• **ASSIGNMENT**: Retype all of the data word for word, without pictures.

• **DATASET EXCERPT**:

+++

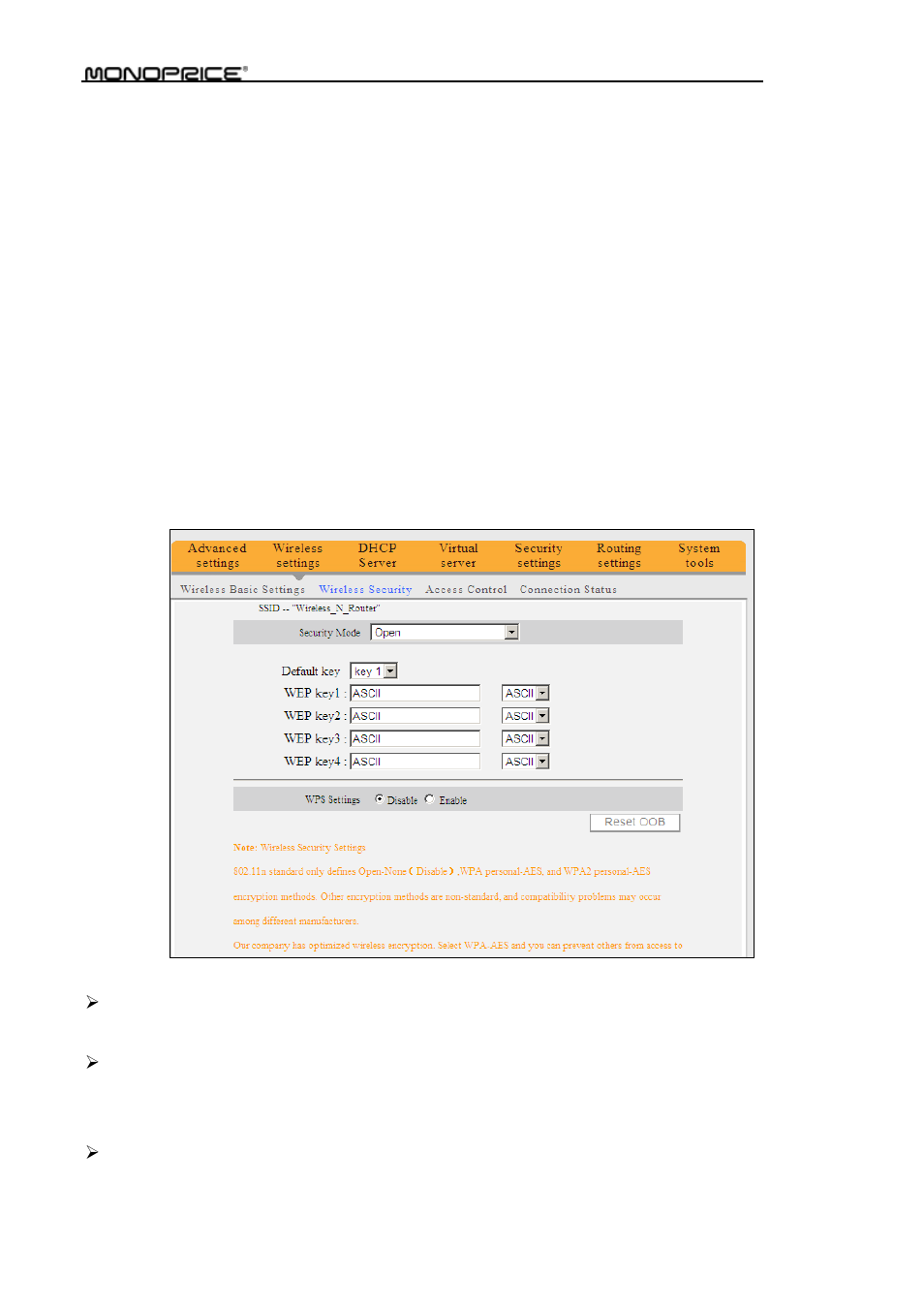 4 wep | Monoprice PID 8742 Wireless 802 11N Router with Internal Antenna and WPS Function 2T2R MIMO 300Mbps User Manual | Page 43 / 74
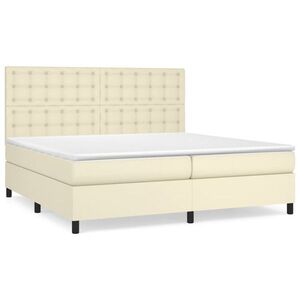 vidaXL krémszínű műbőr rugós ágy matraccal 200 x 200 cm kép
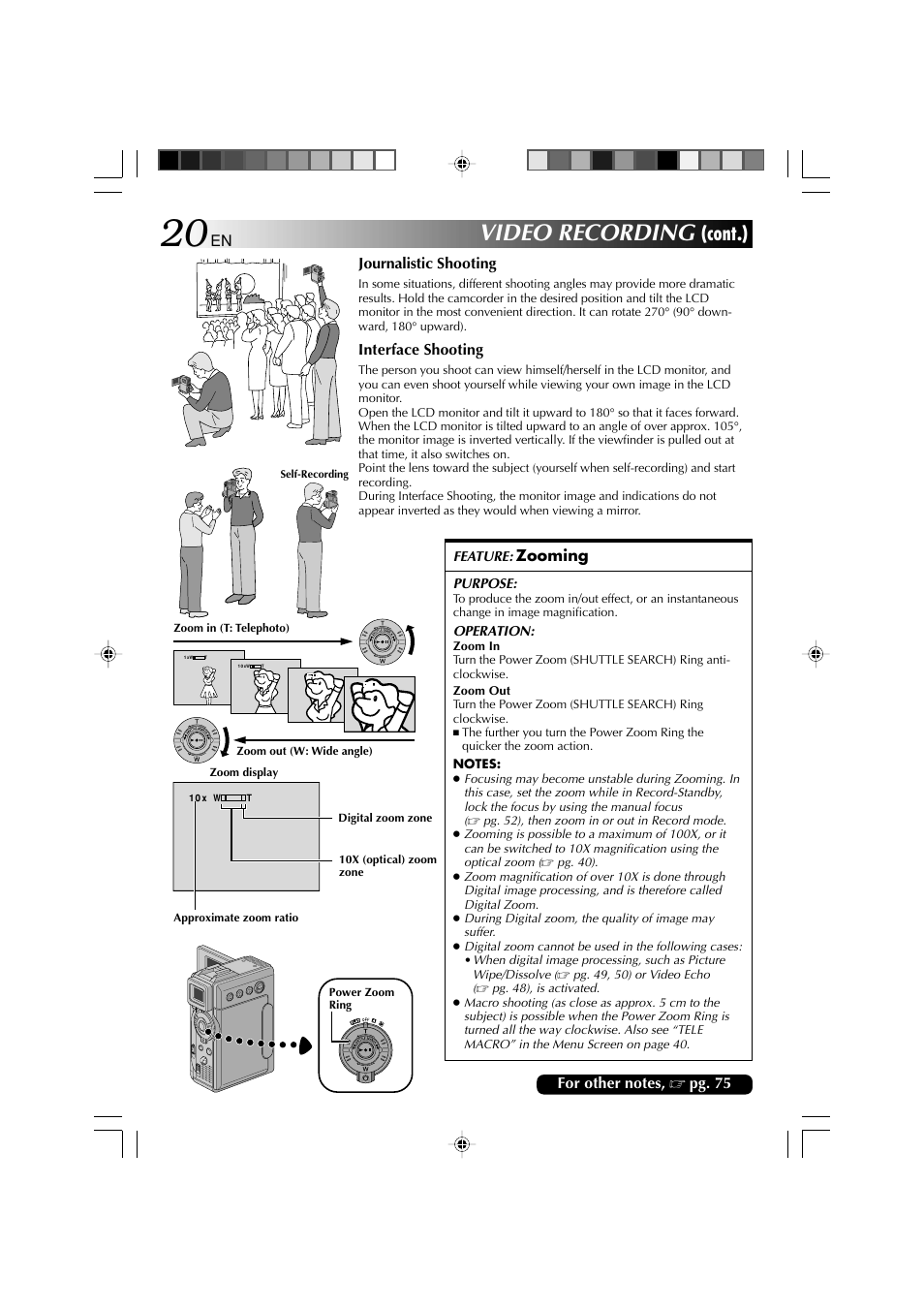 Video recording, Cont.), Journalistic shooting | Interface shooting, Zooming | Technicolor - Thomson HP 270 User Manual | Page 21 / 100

+++

• **YOUR RESPONSE**:
 4 wep | Monoprice PID 8742 Wireless 802 11N Router with Internal Antenna and WPS Function 2T2R MIMO 300Mbps User Manual | Page 43 / 74
 vidaXL krémszínű műbőr rugós ágy matraccal 200 x 200 cm kép
 Video recording, Cont.), Journalistic shooting | Interface shooting, Zooming | Technicolor - Thomson HP 270 User Manual | Page 21 / 100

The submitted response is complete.